I just want to be clear that we didn’t invest anything. She first started hearing about bitcoin maybe a year or 2 ago but didn’t understand how any of it worked. I’ve been aware of it much longer as i had remembered hearing about it in the early days being used for illegal activities as you’ve noted and that was still what i mostly associated with it.

When i first started digging a little bit none of it made any sense and flew in the face of everything I’ve learned about computers and the internet over the last 30 years. (How do solved math equations convert directly into currency? It’s just a file and it’s not backed by anything except itself. It’s not even a program/application or a game. It doesn’t actually DO anything? And how can you “own” a jpeg? Not the underlying artwork. I can download a picture of mickey mouse but that doesn’t mean i have any meaningful ownership of that image. I think i understand the concept of blockchains but it’s still just a digital image?)
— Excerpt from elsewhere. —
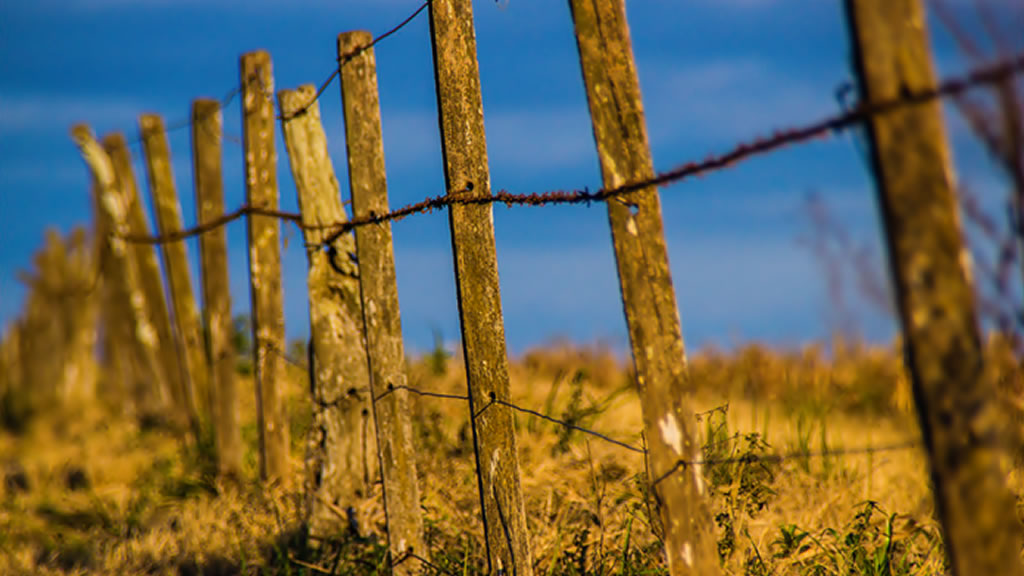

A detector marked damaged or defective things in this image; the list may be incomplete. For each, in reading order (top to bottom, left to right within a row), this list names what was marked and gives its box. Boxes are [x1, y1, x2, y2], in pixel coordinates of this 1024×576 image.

rusty barbed wire [116, 53, 1024, 251]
It was all completely counter intuitive and all i really saw was a bunch of handwaving and smoke and mirrors. And considering the origins of bitcoin all kinds of alarm bells were going off in my head. When i explained it this way we agreed it was unwise to invest real money into something like this.

This part surprised me to.

I’m an avid gamer. Have been my whole life. I have a decent collection of games, physical and digital both, dating back to the Atari 2600. It’s my hobby and i follow the computer and videogame industries pretty closely and i had never heard of these games or this phenomenon.

It’s like someone looked at the free-to-play model of mobile games and said “You know what? I think we can make this MUCH more evil!”

It’s kinda mind blowing.

I tried watching the video over the weekend, because NFTs are one of those things I’ve been trying to wrap my head around lately. I got through about 45 minutes before giving up, but by then it had confirmed my suspicions - it’s pretty much a scam, with a lot of hand-waving and smoke and mirrors.

One reason I had trouble with the video. The guy talks fast and throws out a lot of jargon, so it can be hard to keep up at times. But then he will pop up a screenshot of a tweet or some book excerpt while he’s talking. I couldn’t read what he was showing while trying to follow what he was saying, and then the screenshot would disappear before I was done reading it. I think it would have been easier to just listen to it as if it was a podcast, rather than trying to watch it as a video. In any case, did it really need to be two hours long?